I wanted to pull these quotes out to show you that he IS being affected by his bottlenecks. If you think he is lazy, unmotivated, skating by, then most teachers are probably thinking the same thing. If you are yelling at him every simgle morning, isn't it likely that he is internalizing a self image of himself as 'babyish' or 'unable to do things right?'
I am not suggesting that you are doing anything other than what I have done, blamed my child for not doing as good as his best day, on his normal days. That is the halmark of many 2E kids.
To put it another way. Suppose that you had to go through each day with a 20 pound weight strapped to your head. Wouldn't you try to 'skate away with the least possible effort?' Wouldn't you struggle to keep doing what you percieve that other people in your role who don't have 20 pound weights strapped to their heads do. Wouldn't you judge yourself by what the others were able to accomplish? And what if you were preparing a wonderful fancy dinner for a favorite family member, and you somehow managed to do it, because you were so very motivated, wouldn't you reproach yourself even more the next day when you returned to your struggle to do the ordinary things? How would you feel about those looks you got from the family member who is thinking, "If he or she can cook such a beautiful meal for my birthday dinner, why is tonight's meal so minimal and plain? He or she must not be trying today."

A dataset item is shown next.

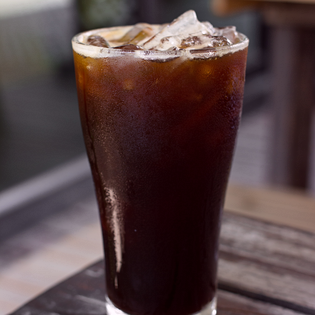 Previsualización de la receta ¿Cómo hacer vodka negro - bebida de la noche?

This can be very hard to hear, and I do want you to set standards for your son. But my Husband and I would have discussion after discussion trying to understand why our son seemed able to behave perfectly on one day (particularly if that day had special learning in it) and then behave dreadfully on the next day.

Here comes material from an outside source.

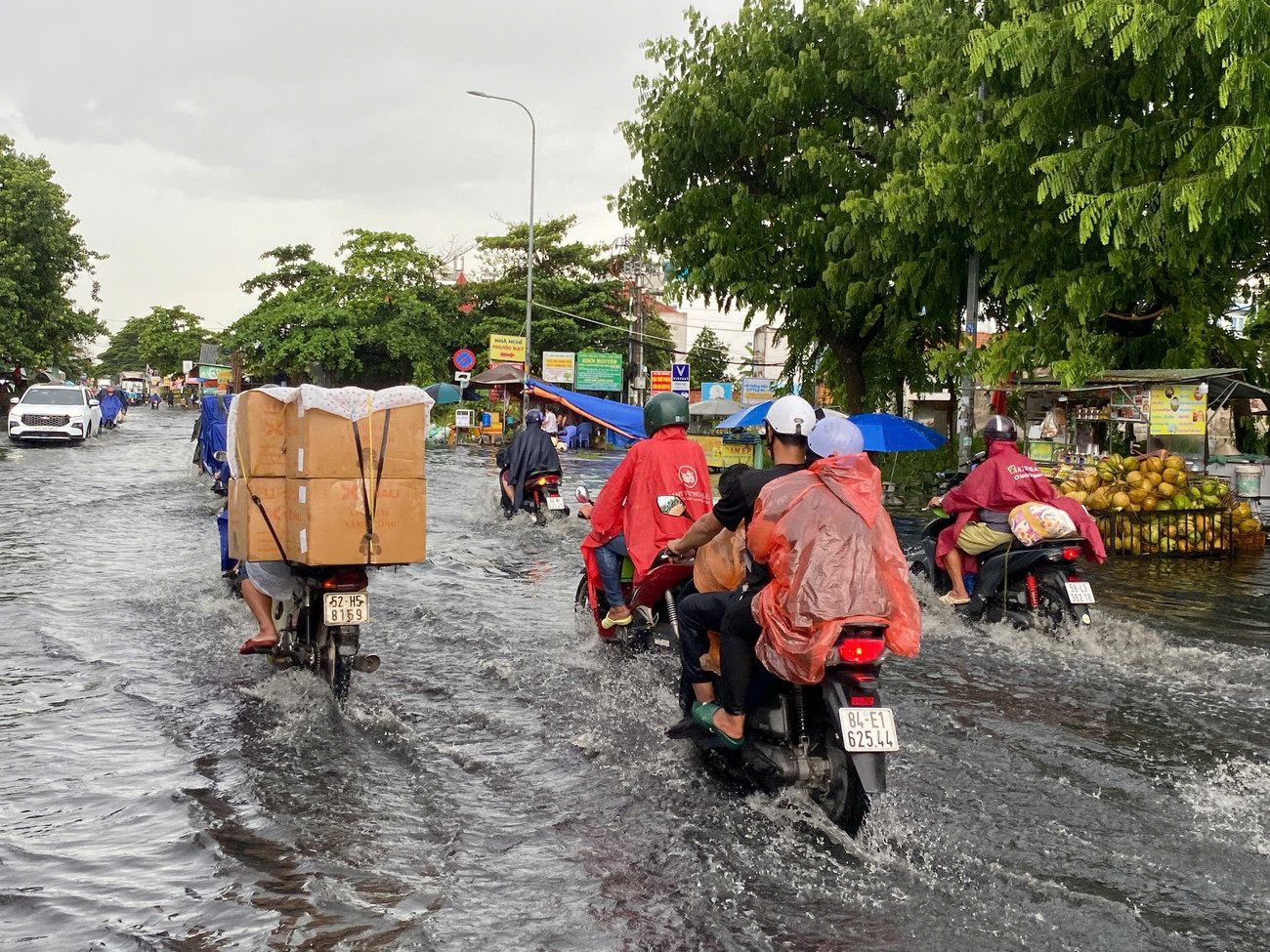 Mưa trắng trời, nhiều tuyến đường ở TPHCM ngập úng giữa trưa- Ảnh 6.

What I am hoping you will do is to adopt a 'value-free' vocabulary to refer to your son's challenges. His level of motivation may be high, but not high enough. His organizational skills may be strong in one area, but weak in getting ready for school. He may be strong in following through if someone else creates the structure, but weak in creating the structure for himself. Perhaps he Daydreams while getting read for school. This might be a weakness while trying to catch a bus, but a strength when he gets to school and there is little for him to learn, but he is motivated to not interrupt the classroom activities so he has to entertain himself.
Sadly, you can't work on everything at the same time. It can be challenging to decide what to do first: Psychoeducational eval, so that if he needs medicine to get that 20 pound rock off his head he gets it? What about Occupational Therapy so that he can learn to be strong in his body? Ride a 2 wheeler? Play kickball and wall ball with the other boys on the playground? Get his mornig routine in order? Drill Handwriting so that writing 3 sentences is easy - or start by drilling the verbal part of thinking of 3 sentences to write? Do you want to start entirely with yourself - organizing the environment so that there is less disraction? Starting a new 'fancy vocabulary word of the week?' (If so, I like the book 'Direct Hits Vocabulary) Getting more excersize so that your child might 'just naturally' want to do movement with you? Having more funtime scheduled so you can be more patient during the unfun times of parenting?
I could never hold all this in my head, so I encourage you to do some journaling and list making and start to figure out what your own prioities are.